══ Stored data
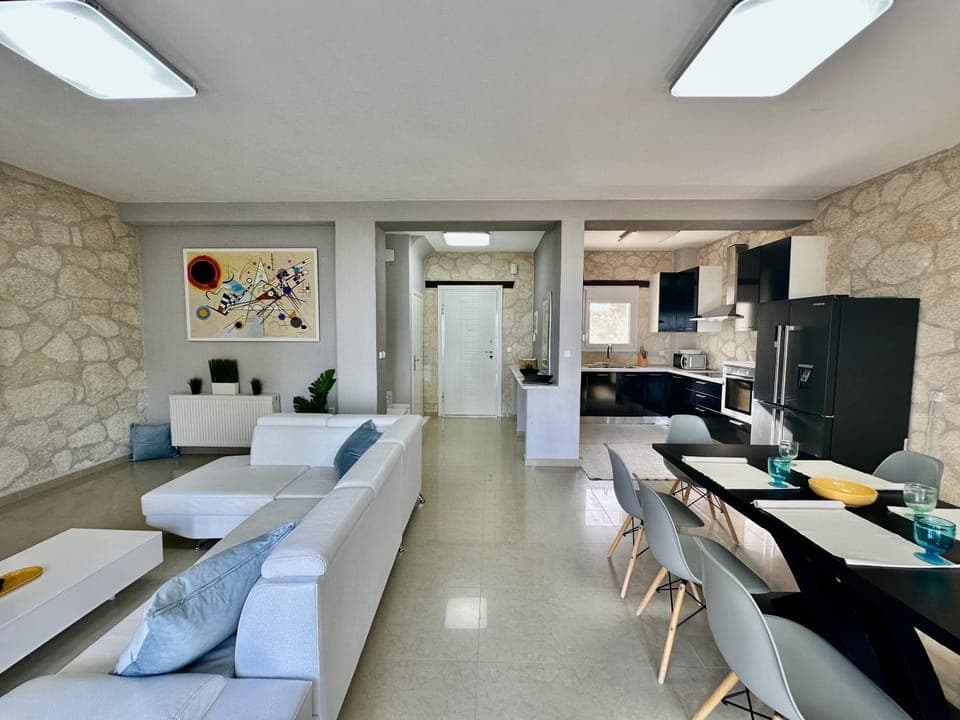 Facade/entrance, TV and multimedia, Kitchen or kitchenette, Living room, Seating area, Dining area, dishwasher, internet, microwave, oven, stove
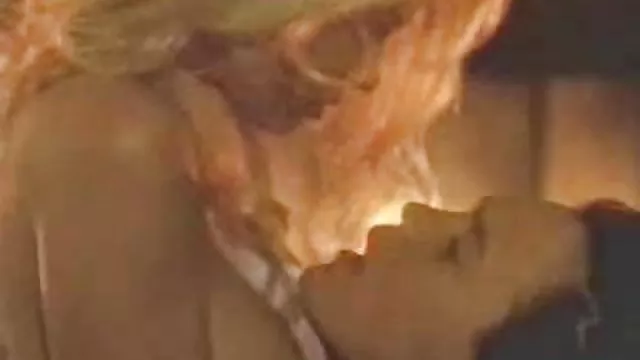 Barna pornót néz, valamint Maszturbál
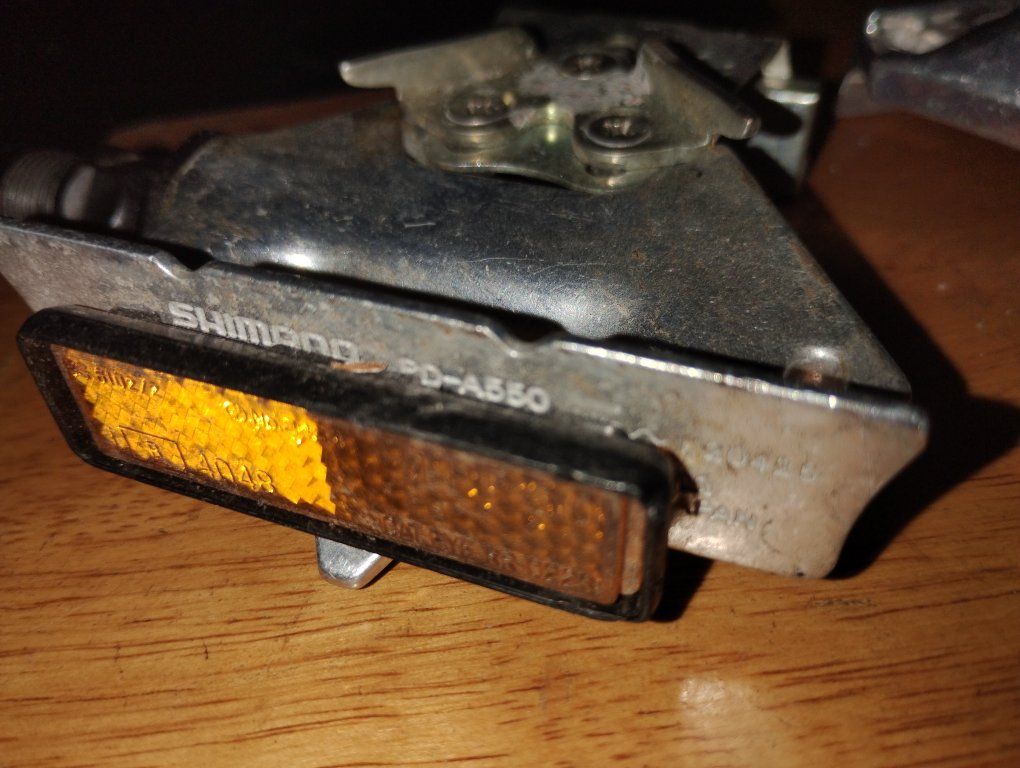 Main image 3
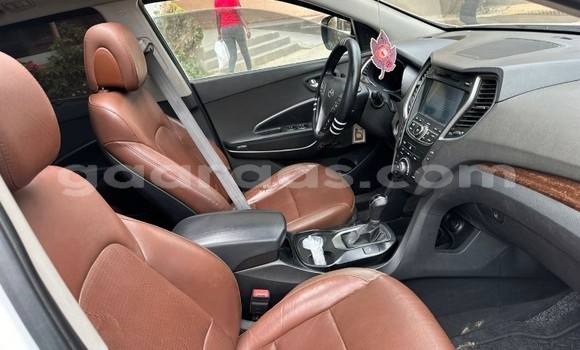 Dieundeu Occasion Hyundai Santa Fe White Auto in Dakar in Dakar Dieundeu Occasion Hyundai Santa Fe White Auto in Dakar in Dakar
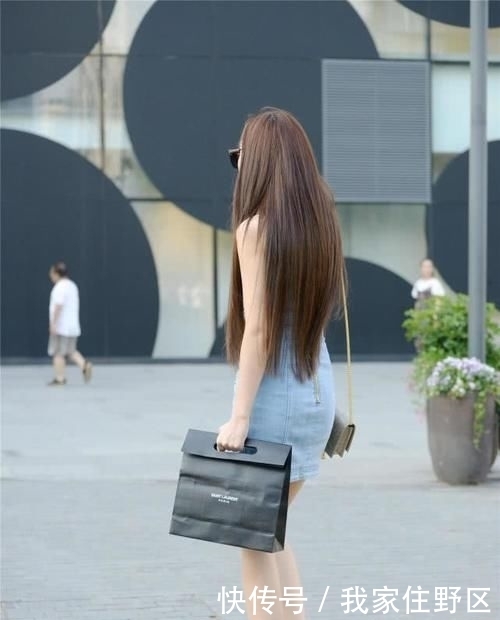 『姑娘』牛仔连衣短裙搭配银色尖头细高跟,相撞出来的火花,燃起时尚魅力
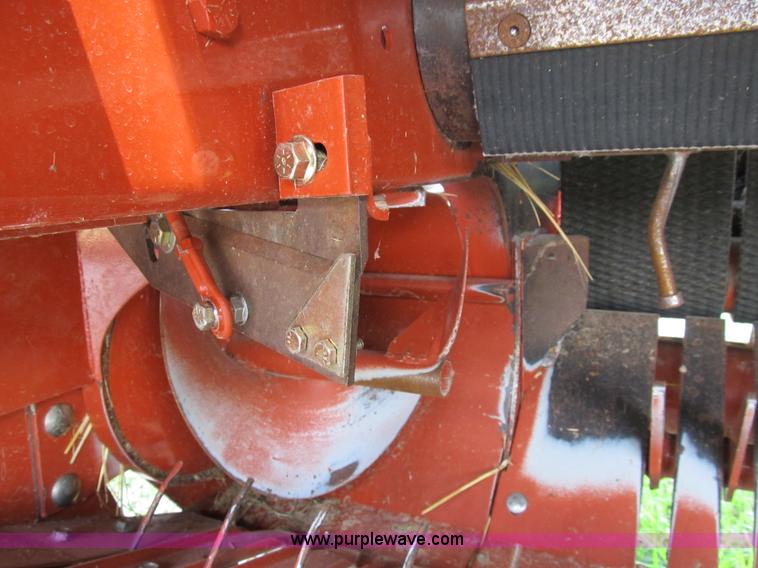 image for item B2812 2006 Hesston 956A round baler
════
--- Task goal ---
When copying the records, reproduce every entry exactly and omit all pictures.

--- Expected output ---
 Facade/entrance, TV and multimedia, Kitchen or kitchenette, Living room, Seating area, Dining area, dishwasher, internet, microwave, oven, stove
 Barna pornót néz, valamint Maszturbál
 Main image 3
 Dieundeu Occasion Hyundai Santa Fe White Auto in Dakar in Dakar Dieundeu Occasion Hyundai Santa Fe White Auto in Dakar in Dakar
 『姑娘』牛仔连衣短裙搭配银色尖头细高跟,相撞出来的火花,燃起时尚魅力
 image for item B2812 2006 Hesston 956A round baler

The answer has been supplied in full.